Maven is used to build and test the project.

  • Install Maven with your system's package manager (e.g. apt on Ubuntu/Debian, homebrew on OSX, ...).
  • Set your JAVA_HOME environment variable to be the home of the Java 8 JDK. On OSX, this lands in /Library/Java/JavaVirtualMachines/jdk1.8.0_65.jdk/Contents/Home/.
  • Run mvn test to run the tests.
  • Run mvn package to build and package Xenon
  • Run mvn -DskipTests package to package everything and skip running the tests. (Not recommended.)

Tip: See which goals are bound to which phases for a particular command:

mvn help:describe -Dcmd=compile

Docker Images

Up to date information can be found on building and using the Xenon Docker Images here

Packaging a fat jar

Resulting JAR goes to xenon-host/target/xenon-host-*-with-dependencies.jar.

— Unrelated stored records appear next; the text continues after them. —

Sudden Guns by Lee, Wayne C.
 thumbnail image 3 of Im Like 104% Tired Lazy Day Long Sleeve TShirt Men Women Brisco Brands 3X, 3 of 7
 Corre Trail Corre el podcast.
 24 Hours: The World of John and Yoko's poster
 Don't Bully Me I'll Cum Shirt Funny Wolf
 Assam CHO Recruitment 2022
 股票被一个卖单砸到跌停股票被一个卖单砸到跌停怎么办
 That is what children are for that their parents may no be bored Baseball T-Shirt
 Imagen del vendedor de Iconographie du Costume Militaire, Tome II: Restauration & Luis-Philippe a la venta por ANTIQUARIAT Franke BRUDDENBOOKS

  • mvn clean package -DskipTests (packages without running tests)
  • To start the default service host and poke it with a HTTP client see this debugging page section

Building a service

After reading more on the programming model and how a service works, please refer to the example service tutorial to learn about a simple service that is already started as part of the production service host, and enables you to interact with the system. In addition you can follow the guide for serving your service with a default or custom user interface.

To create a new service host, that starts custom services, in its own jar, please see the custom service hosting tutorial

Debugging

Please refer to the debugging page for information on how to effectively debug a decentralized, 100% asynchronous system like Xenon.